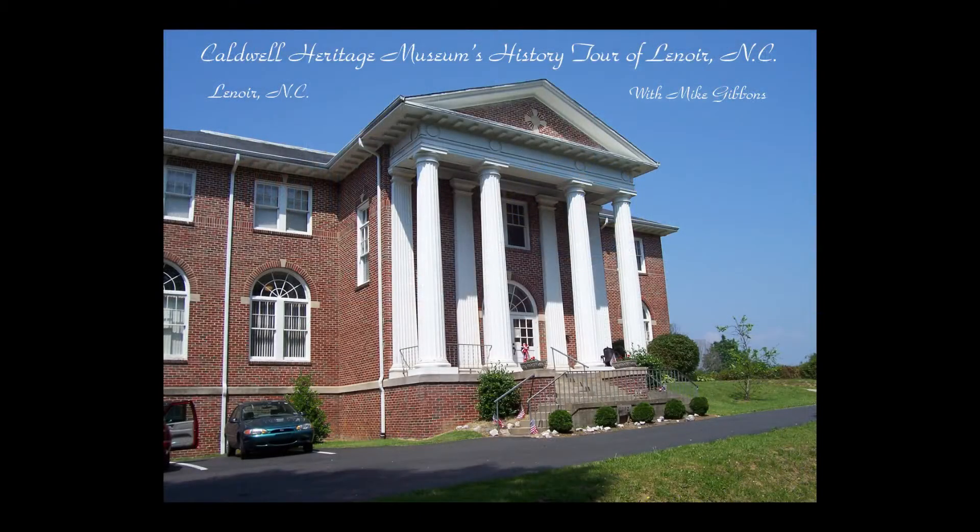Hello, I'm Mike Gibbons. I'd like to welcome you to this Caldwell Heritage Museum's walking tour of Lenoir. I'm going to cover the properties along what was once called North and South Main Street, now simply called Main Street Northwest. It will be impossible for us to cover the entire town at this time, but if there is interest for a second tour, it can be arranged at another time.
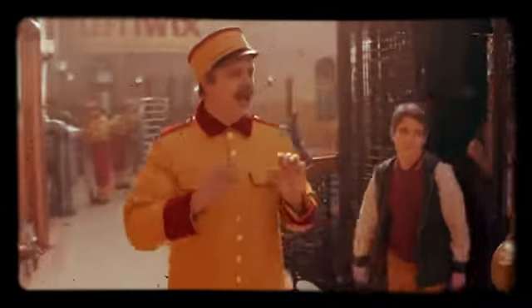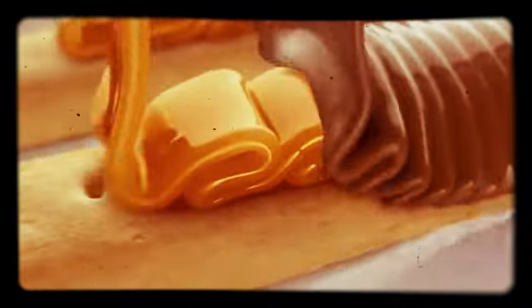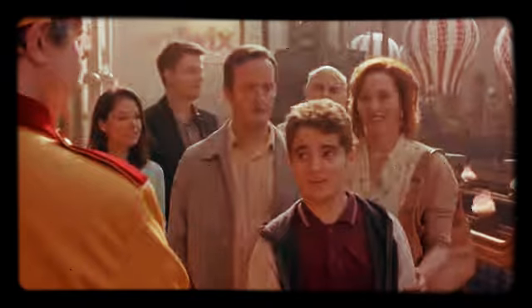Every cookie here at Left Twix is extra crisp, so it stays crunchy when we apply caramel and chocolate. We went on a tour at Right Twix and they have the exact same thing.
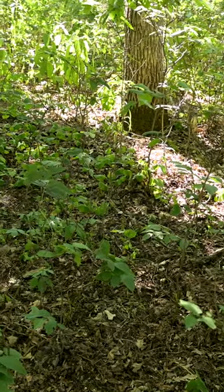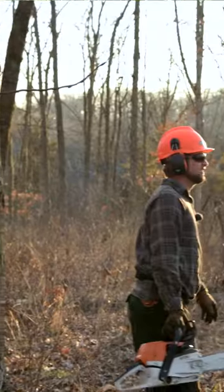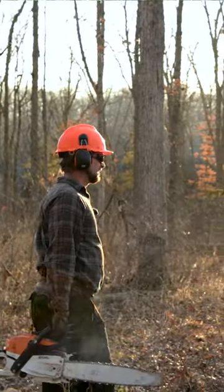We all know that when we cut trees, we open up the canopy, we're going to allow sunlight to the forest floor. That's going to change the plant communities that are growing there.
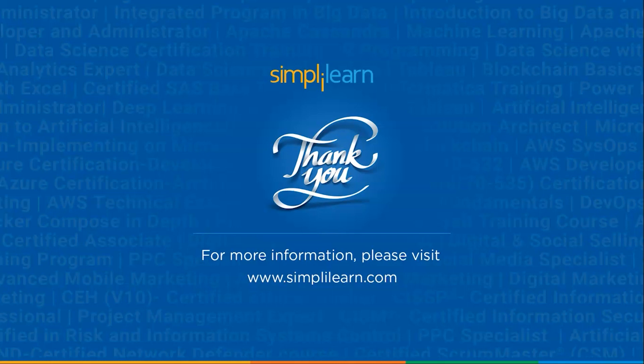Well, this was all about this video on cloud computing. I hope you enjoyed the video and found it informative. Please give it a thumbs up and share it with your friends. If you have any questions related to this video, feel free to ask in the comment section below and we will reach out to you as soon as possible. Thank you and keep learning.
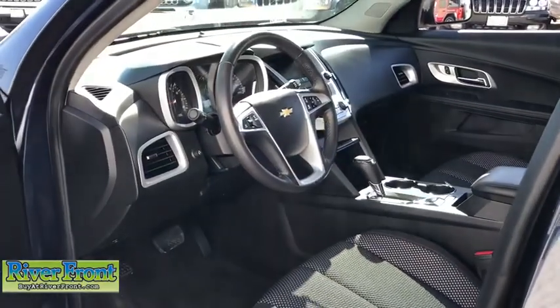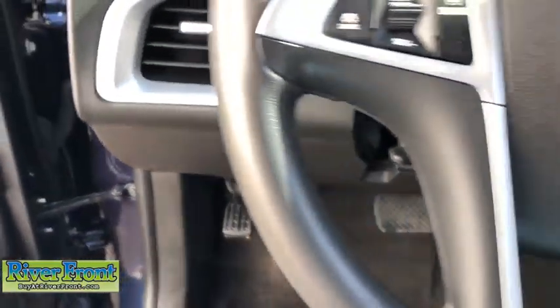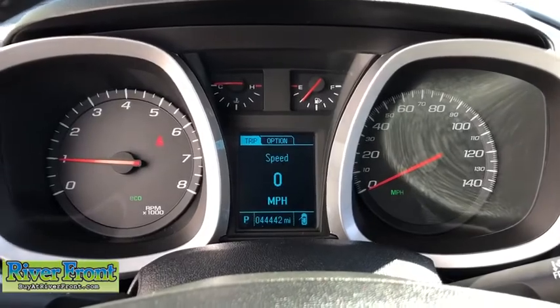Compass, electronic stability control, heated front driver and passenger seats, trip computer, panic alarm, brake assist, Sirius satellite radio, remote keyless entry, tachometer.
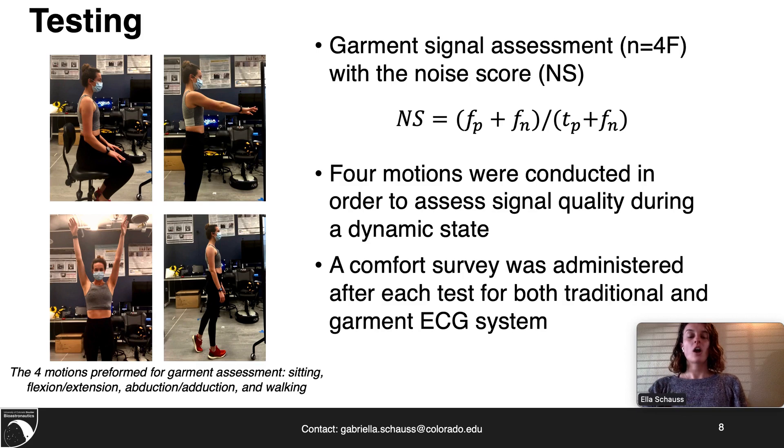In order to validate Argonaut's final design decisions, we did a series of tests. Four female participants performed four different motions: sitting, arm flexion and extension, arm abduction, and walking. These motions were performed with the traditional ECG system as well as Argonaut.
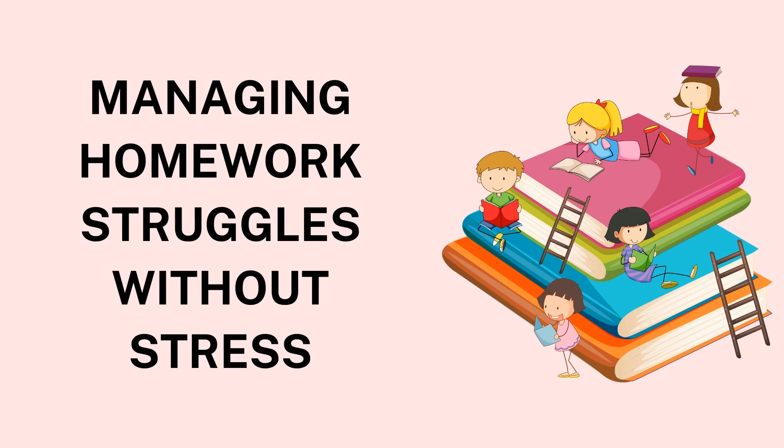In this article, we will explore practical ways to help students navigate homework challenges while maintaining their mental well-being. 1. Create a Homework Routine. One of the most effective ways to manage homework without stress is by establishing a consistent homework routine. A routine helps students stay organized and reduces the feeling of being overwhelmed. Set aside a specific time each day dedicated to homework. This not only instills discipline, but also creates a sense of normalcy around homework, making it less of a burden.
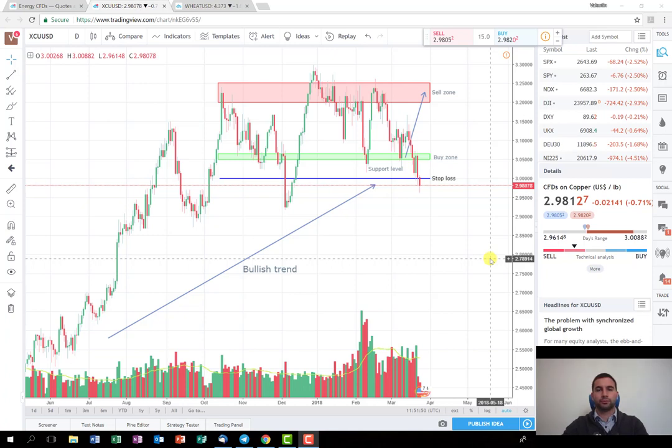The first one that we're going to discuss is the trade from the past two weeks. It's about the metal copper, as you can see here. I've opened the chart on daily time frame and it's posted from our TradingView account.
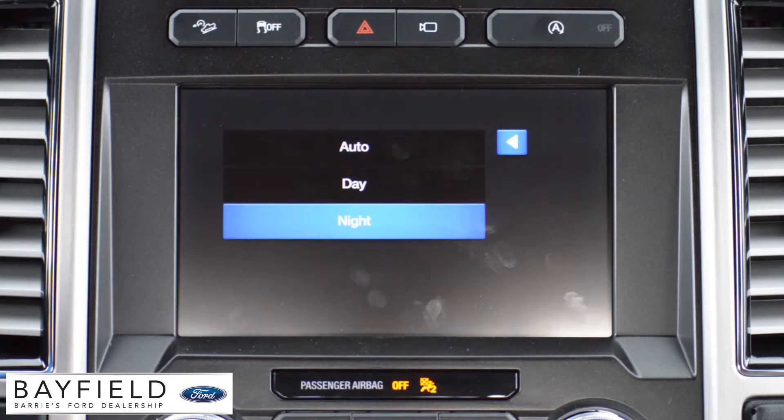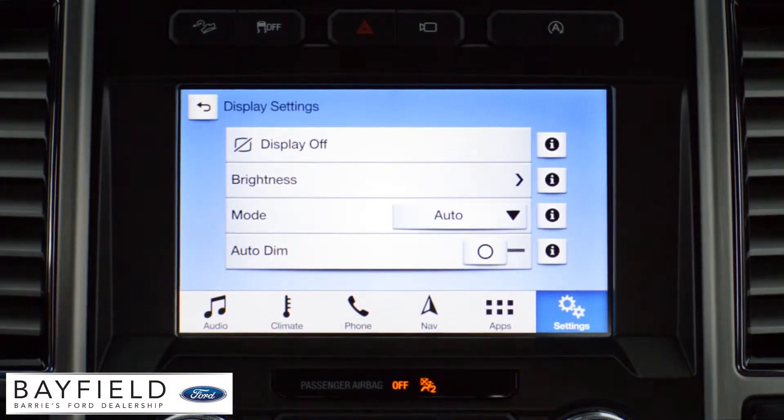You can also set the mode to auto. This will automatically adjust between day and night depending on the lighting. And if you have auto dim turned on, it will automatically adjust the screen brightness too.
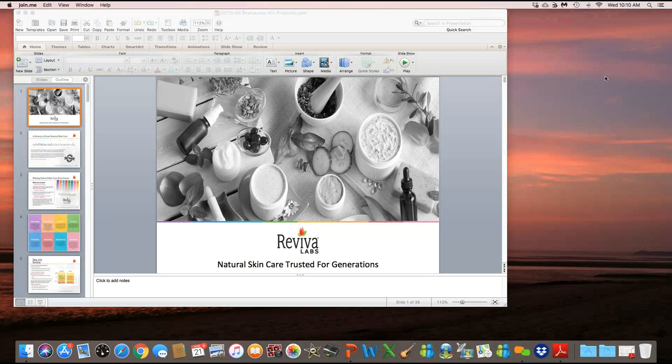Good morning everyone and welcome to Reviva Labs product training webinar. My name is Nancy Rehmer and I'm the Director of Education and Training at Reviva Labs. Today we're going to take a look at all of the collections available at Reviva and do a full review of all our product lines.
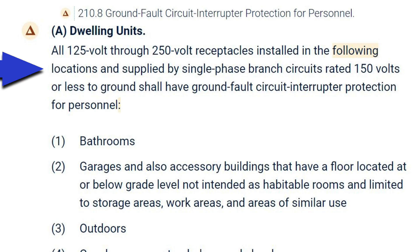All 125-volt through 250-volt receptacles installed in the following locations and supplied by single-phase branch circuits rated 150 volts or less to ground shall have ground fault circuit interrupter protection for personnel. Bathrooms — there's no arguing about that; everyone understands you have to have GFCI protection in bathrooms.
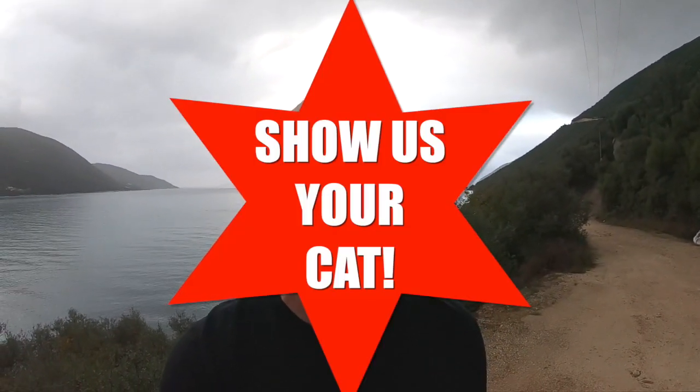Thanks for watching — I hope that was as much fun for you as it was for me. What an absolutely cracking set of boats we were looking at there. If you've already sent in pictures or video for Show Us Your Cat and you still haven't been featured, don't worry — you will be featured soon. I'm just going through the videos in order of when they came in.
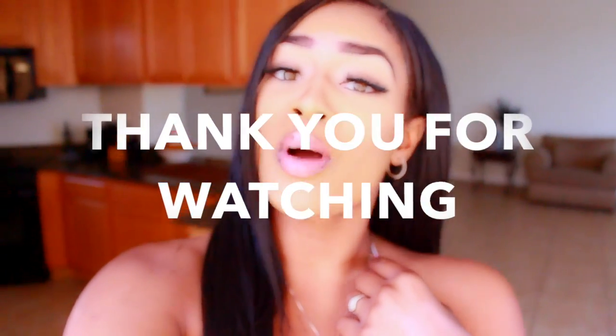That is going to be it for today's video, you guys. Make sure you subscribe if you're not subscribed, don't forget to like, comment, and rate this video, and I will see you guys right back here tomorrow for another video — bye!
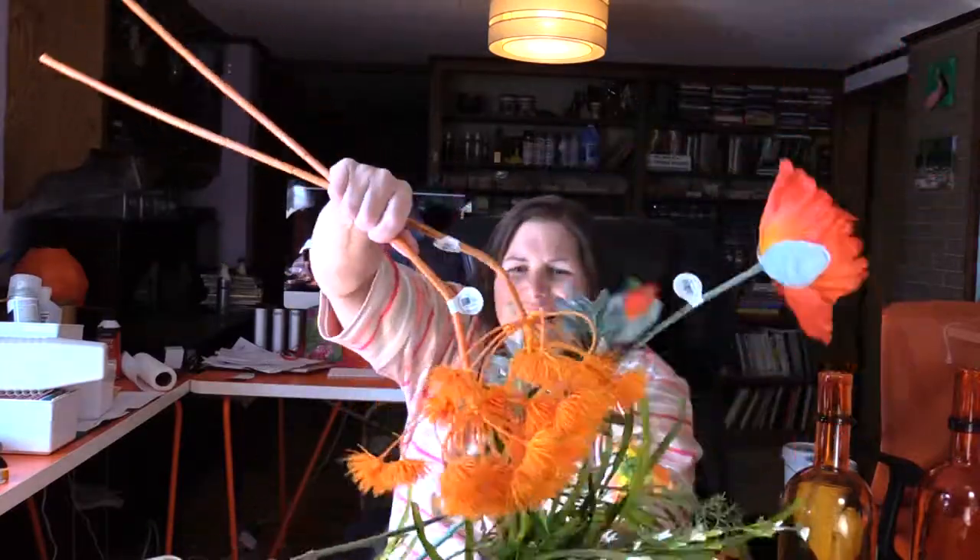I thought since I made that table runner for my dining room table, it needs a centerpiece besides the orange butterfly. Things look good in threes, so these two with the orange butterfly might work. I looked around and I found some cool looking flowers and they were half off.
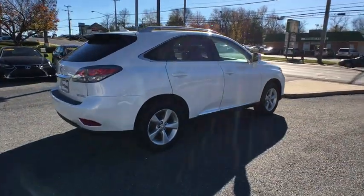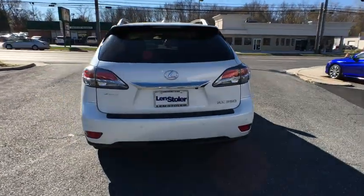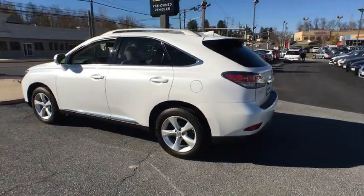Paired with the spacious cargo area and a powerful V6 engine, the RX350 continues to offer the best combination of powerful performance and interior luxury in its class.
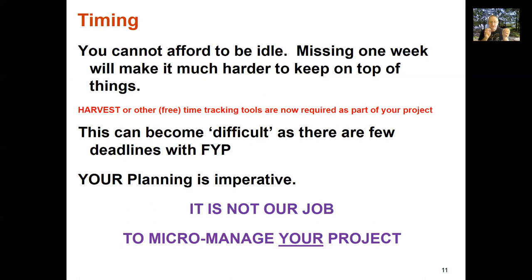Because there are so few deadlines — a Part A conference, a Part B conference, and two final reports — there isn't something due every three weeks. Having that time tracker ticking over in the background, reminding you that you didn't do as much as you should have last week, is really important. It comes down to your project, and your planning is imperative.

────

Task to complete:
Reproduce exactly, and only, the lines from the opening line of the listing above through the line holding "In order to", minus the pictures.

Expected answer:
Hello, I'm Mike Gibbons. I'd like to welcome you to this Caldwell Heritage Museum's walking tour of Lenoir. I'm going to cover the properties along what was once called North and South Main Street, now simply called Main Street Northwest. It will be impossible for us to cover the entire town at this time, but if there is interest for a second tour, it can be arranged at another time.
Every cookie here at Left Twix is extra crisp, so it stays crunchy when we apply caramel and chocolate. We went on a tour at Right Twix and they have the exact same thing.
We all know that when we cut trees, we open up the canopy, we're going to allow sunlight to the forest floor. That's going to change the plant communities that are growing there.
Well, this was all about this video on cloud computing. I hope you enjoyed the video and found it informative. Please give it a thumbs up and share it with your friends. If you have any questions related to this video, feel free to ask in the comment section below and we will reach out to you as soon as possible. Thank you and keep learning.
Compass, electronic stability control, heated front driver and passenger seats, trip computer, panic alarm, brake assist, Sirius satellite radio, remote keyless entry, tachometer.
In order to validate Argonaut's final design decisions, we did a series of tests. Four female participants performed four different motions: sitting, arm flexion and extension, arm abduction, and walking. These motions were performed with the traditional ECG system as well as Argonaut.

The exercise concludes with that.